I'm new to R and it looks like it is a good language to allow my colleagues to their job in a quick way, but I have to prepare the data for them and I want to do it "the R way".
the data I'm importing describes numeric measurements taken at various locations for more or less evenly spread timestamps. sometimes this "evenly spread" is not really true and I have to discard some of the values, it's not that important which one, as long as I have one value for each timestamp for each location.

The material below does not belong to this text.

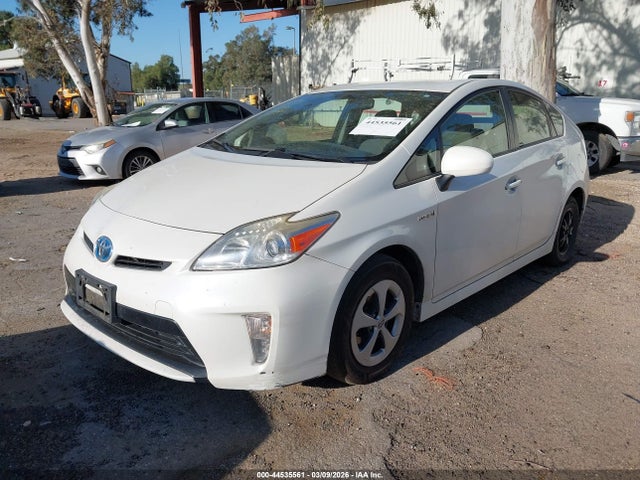 Toyota Prius Two 2014 JTDKN3DU9E0375837 Image 2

what I do with the data? I add it to a result
data.frame. There I have a timestamp
column and the values in the timestamp column, they are definitely evenly spaced according to the step
.
timestamps <- ceiling(as.numeric((timestamps-epoch)*24*60/step))*step*60 + epoch
result[result$timestamp %in% timestamps, columnName] <- values
This does NOT work when I have timestamps that fall in the same time step. This is an example:
> data.frame(ts=timestamps, v=values)
ts v
1 2009-09-30 10:00:00 -2.081609
2 2009-09-30 10:04:18 -2.079778
3 2009-09-30 10:07:47 -2.113531
4 2009-09-30 10:09:01 -2.124716
5 2009-09-30 10:15:00 -2.102117
6 2009-09-30 10:27:56 -2.093542
7 2009-09-30 10:30:00 -2.092626
8 2009-09-30 10:45:00 -2.086339
9 2009-09-30 11:00:00 -2.080144
> data.frame(ts=ceiling(as.numeric((timestamps-epoch)*24*60/step))*step*60+epoch,
+ v=values)
ts v
1 2009-09-30 10:00:00 -2.081609
2 2009-09-30 10:15:00 -2.079778
3 2009-09-30 10:15:00 -2.113531
4 2009-09-30 10:15:00 -2.124716
5 2009-09-30 10:15:00 -2.102117
6 2009-09-30 10:30:00 -2.093542
7 2009-09-30 10:30:00 -2.092626
8 2009-09-30 10:45:00 -2.086339
9 2009-09-30 11:00:00 -2.080144
in Python I would (mis)use a dictionary to achieve what I need:
dict(zip(timestamps, values)).items()
returns a list of pairs where the first coordinate is unique.
in R I don't know how to do it in a compact and efficient way.